Only the opening lines of the listing, through the one with "Two perfume bottles", are to be retyped, each exactly as it stands.

▶

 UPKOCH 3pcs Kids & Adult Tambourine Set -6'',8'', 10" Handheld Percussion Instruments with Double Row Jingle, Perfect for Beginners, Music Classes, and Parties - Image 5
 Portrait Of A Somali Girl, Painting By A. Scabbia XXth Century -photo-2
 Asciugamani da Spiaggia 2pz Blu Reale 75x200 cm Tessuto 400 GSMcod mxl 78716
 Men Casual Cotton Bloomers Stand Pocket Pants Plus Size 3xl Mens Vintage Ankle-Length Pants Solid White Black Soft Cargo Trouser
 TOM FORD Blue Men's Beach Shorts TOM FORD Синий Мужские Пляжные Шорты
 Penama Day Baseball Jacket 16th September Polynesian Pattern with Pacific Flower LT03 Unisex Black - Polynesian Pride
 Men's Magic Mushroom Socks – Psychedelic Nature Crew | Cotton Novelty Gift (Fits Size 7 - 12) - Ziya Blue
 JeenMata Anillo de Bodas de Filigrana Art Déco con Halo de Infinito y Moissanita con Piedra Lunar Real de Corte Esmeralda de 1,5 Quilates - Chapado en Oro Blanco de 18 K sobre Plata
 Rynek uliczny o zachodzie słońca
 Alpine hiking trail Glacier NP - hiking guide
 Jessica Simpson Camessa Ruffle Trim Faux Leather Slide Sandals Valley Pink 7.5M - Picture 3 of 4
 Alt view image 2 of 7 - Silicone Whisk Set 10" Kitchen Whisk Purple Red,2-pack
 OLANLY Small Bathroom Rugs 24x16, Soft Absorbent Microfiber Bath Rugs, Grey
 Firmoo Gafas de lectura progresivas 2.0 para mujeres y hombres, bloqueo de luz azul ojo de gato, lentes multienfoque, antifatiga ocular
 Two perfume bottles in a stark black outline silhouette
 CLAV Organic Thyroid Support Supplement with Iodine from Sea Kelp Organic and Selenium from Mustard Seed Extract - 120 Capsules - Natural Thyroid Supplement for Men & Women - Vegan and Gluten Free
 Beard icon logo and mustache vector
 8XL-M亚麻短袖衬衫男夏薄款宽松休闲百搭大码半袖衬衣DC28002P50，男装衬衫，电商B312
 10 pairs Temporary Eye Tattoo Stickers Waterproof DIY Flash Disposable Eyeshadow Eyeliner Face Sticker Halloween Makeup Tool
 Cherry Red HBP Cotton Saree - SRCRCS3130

◀

Response box
 UPKOCH 3pcs Kids & Adult Tambourine Set -6'',8'', 10" Handheld Percussion Instruments with Double Row Jingle, Perfect for Beginners, Music Classes, and Parties - Image 5
 Portrait Of A Somali Girl, Painting By A. Scabbia XXth Century -photo-2
 Asciugamani da Spiaggia 2pz Blu Reale 75x200 cm Tessuto 400 GSMcod mxl 78716
 Men Casual Cotton Bloomers Stand Pocket Pants Plus Size 3xl Mens Vintage Ankle-Length Pants Solid White Black Soft Cargo Trouser
 TOM FORD Blue Men's Beach Shorts TOM FORD Синий Мужские Пляжные Шорты
 Penama Day Baseball Jacket 16th September Polynesian Pattern with Pacific Flower LT03 Unisex Black - Polynesian Pride
 Men's Magic Mushroom Socks – Psychedelic Nature Crew | Cotton Novelty Gift (Fits Size 7 - 12) - Ziya Blue
 JeenMata Anillo de Bodas de Filigrana Art Déco con Halo de Infinito y Moissanita con Piedra Lunar Real de Corte Esmeralda de 1,5 Quilates - Chapado en Oro Blanco de 18 K sobre Plata
 Rynek uliczny o zachodzie słońca
 Alpine hiking trail Glacier NP - hiking guide
 Jessica Simpson Camessa Ruffle Trim Faux Leather Slide Sandals Valley Pink 7.5M - Picture 3 of 4
 Alt view image 2 of 7 - Silicone Whisk Set 10" Kitchen Whisk Purple Red,2-pack
 OLANLY Small Bathroom Rugs 24x16, Soft Absorbent Microfiber Bath Rugs, Grey
 Firmoo Gafas de lectura progresivas 2.0 para mujeres y hombres, bloqueo de luz azul ojo de gato, lentes multienfoque, antifatiga ocular
 Two perfume bottles in a stark black outline silhouette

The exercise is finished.